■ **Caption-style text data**
━━━━━━━━━━
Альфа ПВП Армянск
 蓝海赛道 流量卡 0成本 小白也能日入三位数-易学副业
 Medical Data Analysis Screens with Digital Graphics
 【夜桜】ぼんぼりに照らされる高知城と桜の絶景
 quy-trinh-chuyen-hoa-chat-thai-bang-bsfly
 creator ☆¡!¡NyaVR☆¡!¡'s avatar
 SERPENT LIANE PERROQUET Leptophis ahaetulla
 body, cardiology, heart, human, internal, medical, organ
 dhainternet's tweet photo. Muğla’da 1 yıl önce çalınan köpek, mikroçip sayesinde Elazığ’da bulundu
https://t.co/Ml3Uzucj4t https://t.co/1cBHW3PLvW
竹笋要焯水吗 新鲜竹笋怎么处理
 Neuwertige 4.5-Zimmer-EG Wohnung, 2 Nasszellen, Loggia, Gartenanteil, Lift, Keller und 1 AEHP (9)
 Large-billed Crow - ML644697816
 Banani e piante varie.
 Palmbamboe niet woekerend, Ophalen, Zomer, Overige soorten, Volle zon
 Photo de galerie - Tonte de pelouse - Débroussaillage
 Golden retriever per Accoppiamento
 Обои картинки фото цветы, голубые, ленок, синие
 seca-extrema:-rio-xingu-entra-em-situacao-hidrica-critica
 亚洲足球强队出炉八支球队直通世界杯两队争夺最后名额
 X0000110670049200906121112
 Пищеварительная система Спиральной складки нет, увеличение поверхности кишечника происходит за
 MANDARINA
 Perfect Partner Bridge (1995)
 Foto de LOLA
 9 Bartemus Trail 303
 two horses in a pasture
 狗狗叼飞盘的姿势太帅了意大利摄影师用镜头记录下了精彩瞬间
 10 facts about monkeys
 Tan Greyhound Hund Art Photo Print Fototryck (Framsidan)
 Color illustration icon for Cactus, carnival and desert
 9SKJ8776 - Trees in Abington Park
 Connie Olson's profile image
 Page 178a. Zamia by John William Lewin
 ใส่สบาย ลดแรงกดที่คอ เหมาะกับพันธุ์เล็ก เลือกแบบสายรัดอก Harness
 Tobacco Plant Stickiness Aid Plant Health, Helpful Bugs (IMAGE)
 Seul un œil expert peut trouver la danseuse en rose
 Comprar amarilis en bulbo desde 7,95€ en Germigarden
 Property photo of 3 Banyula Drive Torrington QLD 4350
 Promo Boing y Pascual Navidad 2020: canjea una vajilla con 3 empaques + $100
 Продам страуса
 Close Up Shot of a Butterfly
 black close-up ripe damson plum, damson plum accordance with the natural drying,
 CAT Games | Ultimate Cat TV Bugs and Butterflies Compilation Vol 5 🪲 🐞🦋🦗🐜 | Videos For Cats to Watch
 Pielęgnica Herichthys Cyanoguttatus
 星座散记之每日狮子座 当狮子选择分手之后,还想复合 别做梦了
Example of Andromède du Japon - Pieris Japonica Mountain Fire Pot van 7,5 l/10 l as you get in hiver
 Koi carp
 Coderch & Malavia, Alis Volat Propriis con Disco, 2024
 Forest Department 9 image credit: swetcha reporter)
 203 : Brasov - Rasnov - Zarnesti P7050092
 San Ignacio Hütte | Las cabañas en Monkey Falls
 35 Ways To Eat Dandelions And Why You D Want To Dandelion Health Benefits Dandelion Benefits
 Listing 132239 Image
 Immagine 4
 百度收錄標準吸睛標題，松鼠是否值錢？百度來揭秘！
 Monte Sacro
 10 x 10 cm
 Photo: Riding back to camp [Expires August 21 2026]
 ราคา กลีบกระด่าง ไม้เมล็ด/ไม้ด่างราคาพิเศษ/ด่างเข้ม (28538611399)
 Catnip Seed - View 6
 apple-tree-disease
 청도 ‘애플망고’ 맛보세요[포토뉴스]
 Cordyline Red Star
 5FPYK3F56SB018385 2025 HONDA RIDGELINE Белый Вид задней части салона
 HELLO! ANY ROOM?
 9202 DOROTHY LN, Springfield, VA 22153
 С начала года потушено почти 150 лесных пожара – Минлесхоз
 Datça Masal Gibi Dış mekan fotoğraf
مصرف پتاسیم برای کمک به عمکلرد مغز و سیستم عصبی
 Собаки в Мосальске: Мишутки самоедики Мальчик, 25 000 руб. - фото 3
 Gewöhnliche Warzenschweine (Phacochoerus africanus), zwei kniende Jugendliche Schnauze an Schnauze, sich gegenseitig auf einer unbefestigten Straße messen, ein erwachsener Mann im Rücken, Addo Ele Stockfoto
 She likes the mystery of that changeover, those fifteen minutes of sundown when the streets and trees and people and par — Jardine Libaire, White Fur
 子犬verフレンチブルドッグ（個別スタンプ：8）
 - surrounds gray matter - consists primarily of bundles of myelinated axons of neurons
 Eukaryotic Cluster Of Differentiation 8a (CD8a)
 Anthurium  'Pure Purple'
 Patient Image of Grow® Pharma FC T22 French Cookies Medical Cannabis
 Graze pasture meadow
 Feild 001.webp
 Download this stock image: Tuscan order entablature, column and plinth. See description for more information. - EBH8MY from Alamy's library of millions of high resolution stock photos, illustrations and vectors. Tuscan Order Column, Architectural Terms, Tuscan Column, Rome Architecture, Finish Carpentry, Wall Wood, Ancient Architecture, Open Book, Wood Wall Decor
━━━━━━━━━━
■ **Directions**
The answer is to be the lines from the one holding "مصرف پتاسیم برای" through the end of the data above, transcribed character for character, both ends included.

■ **Result of the exercise**
مصرف پتاسیم برای کمک به عمکلرد مغز و سیستم عصبی
 Собаки в Мосальске: Мишутки самоедики Мальчик, 25 000 руб. - фото 3
 Gewöhnliche Warzenschweine (Phacochoerus africanus), zwei kniende Jugendliche Schnauze an Schnauze, sich gegenseitig auf einer unbefestigten Straße messen, ein erwachsener Mann im Rücken, Addo Ele Stockfoto
 She likes the mystery of that changeover, those fifteen minutes of sundown when the streets and trees and people and par — Jardine Libaire, White Fur
 子犬verフレンチブルドッグ（個別スタンプ：8）
 - surrounds gray matter - consists primarily of bundles of myelinated axons of neurons
 Eukaryotic Cluster Of Differentiation 8a (CD8a)
 Anthurium  'Pure Purple'
 Patient Image of Grow® Pharma FC T22 French Cookies Medical Cannabis
 Graze pasture meadow
 Feild 001.webp
 Download this stock image: Tuscan order entablature, column and plinth. See description for more information. - EBH8MY from Alamy's library of millions of high resolution stock photos, illustrations and vectors. Tuscan Order Column, Architectural Terms, Tuscan Column, Rome Architecture, Finish Carpentry, Wall Wood, Ancient Architecture, Open Book, Wood Wall Decor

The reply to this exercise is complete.